Jake provides one of my favorite quotes when it comes to this topic when he says, "I suppose we all wish that TCP/IP was 'fat' and we had invested in it in 1992."
Recent discussions about the fat protocol thesis have circled back around to Ethereum. In particular, its close ties to the existing DeFi ecosystem, as Jonathan Joseph claims, make ETH a clear candidate to emerge as a "fat protocol" as its token gains more traction as a store of value in various decentralized financial applications built atop the Ethereum blockchain. ETH maximalists point to this best-case scenario when they tout Vitalik's quote that “Ethereum 1.0 is a couple of people’s scrappy attempt to build the world computer; Ethereum 2.0 [with PoS] will actually be the world computer.”

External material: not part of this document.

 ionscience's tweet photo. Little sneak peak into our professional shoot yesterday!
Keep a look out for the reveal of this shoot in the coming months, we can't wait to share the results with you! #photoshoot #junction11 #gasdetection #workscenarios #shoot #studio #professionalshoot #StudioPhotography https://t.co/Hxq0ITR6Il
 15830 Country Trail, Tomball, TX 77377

But ETH 2.0 could still literally take years. Yes, even at this point. Our CoinFund guy postulates that "this means value will be flowing into semi-centralized niches of the functionality stack, into off-chain solutions, and into managed experiences."

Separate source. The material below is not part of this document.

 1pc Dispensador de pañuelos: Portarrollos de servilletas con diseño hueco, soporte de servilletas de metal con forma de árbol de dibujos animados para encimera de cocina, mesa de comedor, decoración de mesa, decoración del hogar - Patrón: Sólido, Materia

There's a specific name for what he's talking about. What he's talking about is middleware. Now let's get a little nerdy with this definition. And by that I mean let's ask a place called something like ComputerWeekly.com. Yeah, that's it. The nerds say,
Blockchain middleware typically refers to software functions designed to bring together various interrelated instances and elements of blockchain data… it can also encompass software designed to combine different blockchain implementations within a unified interface for ease of use and (often) as a route to achieving scalability.

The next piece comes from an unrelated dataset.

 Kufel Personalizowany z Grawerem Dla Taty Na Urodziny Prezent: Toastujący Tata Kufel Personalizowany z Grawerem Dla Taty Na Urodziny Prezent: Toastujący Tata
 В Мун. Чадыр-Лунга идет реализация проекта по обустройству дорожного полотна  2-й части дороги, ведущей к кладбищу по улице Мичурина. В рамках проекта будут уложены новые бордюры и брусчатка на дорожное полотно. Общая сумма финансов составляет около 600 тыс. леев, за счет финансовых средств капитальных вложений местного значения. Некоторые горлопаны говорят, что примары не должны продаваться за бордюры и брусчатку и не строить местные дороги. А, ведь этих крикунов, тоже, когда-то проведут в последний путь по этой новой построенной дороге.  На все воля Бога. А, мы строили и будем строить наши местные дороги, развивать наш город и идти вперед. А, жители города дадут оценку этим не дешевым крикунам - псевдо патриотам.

Blockchain middleware can also be used to apply blockchain to use cases in specific industries that are not well served by existing blockchain technologies.
Sounds like "niches of the functionality stack" to me.
To jump back to the analogy with the internet stack, the middleware analogy makes a lot more sense when you step back and reexamine the layers upon which The Internet was built. There are many layers of protocol that exist. Once the industry figured out that one little essential tweak (like TCP/IP), they were able to incorporate it into each subsequent product. That made development faster and better.
But which is the actual protocol layer that enabled the most value creation? Some argue that that layer is not the TCP/IP one.
That's the idea postulated by this early 2019 VentureBeat article, which makes the very valid point that it wasn't TCP/IP that enabled the FAANG's of the world to unleash the full power of the internet upon us (and bring us via the stock market this deliciously weird Everything Bubble). That honor goes to HTTP, the HyperText Transfer Protocol, which brought us the freedom of a company that existed purely on its own website, a convenient means to monetize non-physical interactions. Infinite scaling! And HTTP? That's the application layer, not the base layer. Observe:
The application layer is neither the application itself nor the base layer infrastructure. Value accretion at that level would run counter to a "fat protocols" thesis, wouldn't it?
What people really miss about the "fat protocol" thesis, however, is not its namesake, no. That's kind of any easy concept to understand. What people really miss about the "fat protocol" thesis is that its genius is not actually in its claim that future value in the decentralized world will all be sucked up by base layer protocols. No, the real genius in the thesis, and what is most likely to be true about it, is its claim that value capture will happen in some kind of a different way than it happened in the buildout of the internet, which if you think about it, is almost bound to be true. Or at least, it seems a lot more reasonable to say that value capture in Web 3.0 will be a lot different than it was in Web 1.0 and 2.0 than it is to say exactly where that value capture will occur.
So it might be worth revisiting the "fat protocol" thesis in the context of the current evolving decentralized infrastructure market. The fat pitches might not be coming in down low, but rather high and tight. Just below the chin of the application UX.